Task instructions:
Tally how many lines of these entries hold the string "Estate". Return the number alone.

Data excerpts:
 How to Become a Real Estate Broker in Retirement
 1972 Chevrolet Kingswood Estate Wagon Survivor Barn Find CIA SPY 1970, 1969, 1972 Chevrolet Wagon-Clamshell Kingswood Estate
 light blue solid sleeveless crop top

* * *

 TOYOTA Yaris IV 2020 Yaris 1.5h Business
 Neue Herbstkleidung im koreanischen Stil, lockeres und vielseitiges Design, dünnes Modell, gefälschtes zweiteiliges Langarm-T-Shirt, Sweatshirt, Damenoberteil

...

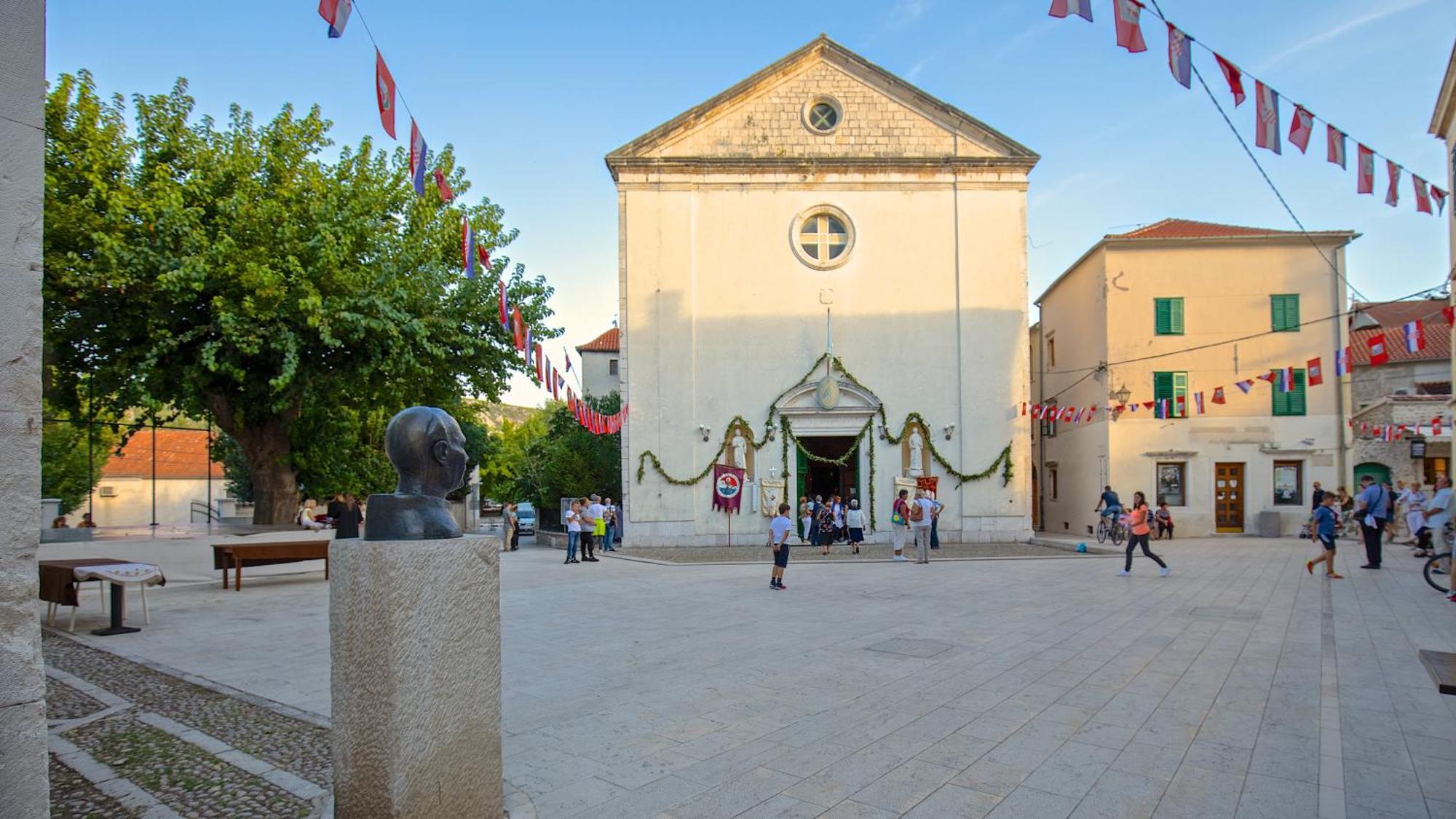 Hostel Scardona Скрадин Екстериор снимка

Task result:
2